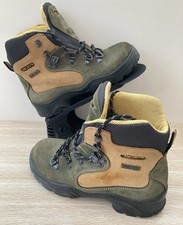 Trezeta Gore-Tex Women's Suede Mid Trail Hiking Walking Boots Beige/Olive EUR 35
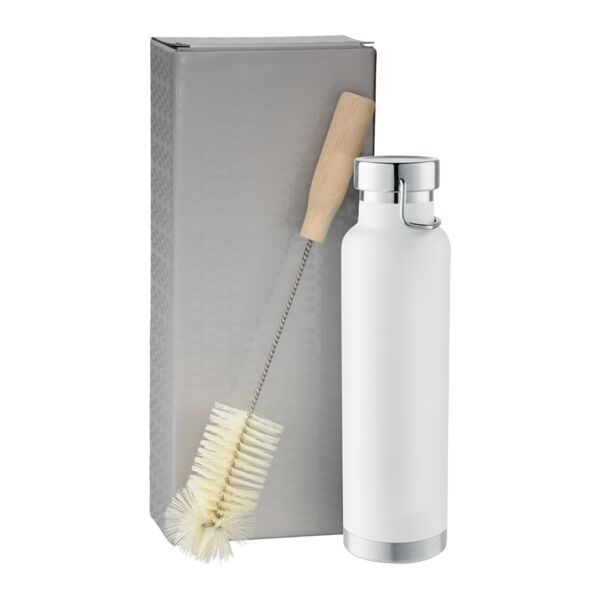 Thor Copper Vacuum Bottle with Brush 22oz Thumbnail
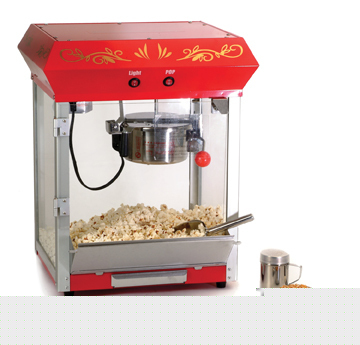 4OZ red tabletop popcorn machine carnival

* * * * * * * * *

§ **GOAL OF THE EXERCISE**
Output the listing above in full, exactly. No images.

§ **OUTPUT FOR THIS EXERCISE**
 Trezeta Gore-Tex Women's Suede Mid Trail Hiking Walking Boots Beige/Olive EUR 35
 Thor Copper Vacuum Bottle with Brush 22oz Thumbnail
 4OZ red tabletop popcorn machine carnival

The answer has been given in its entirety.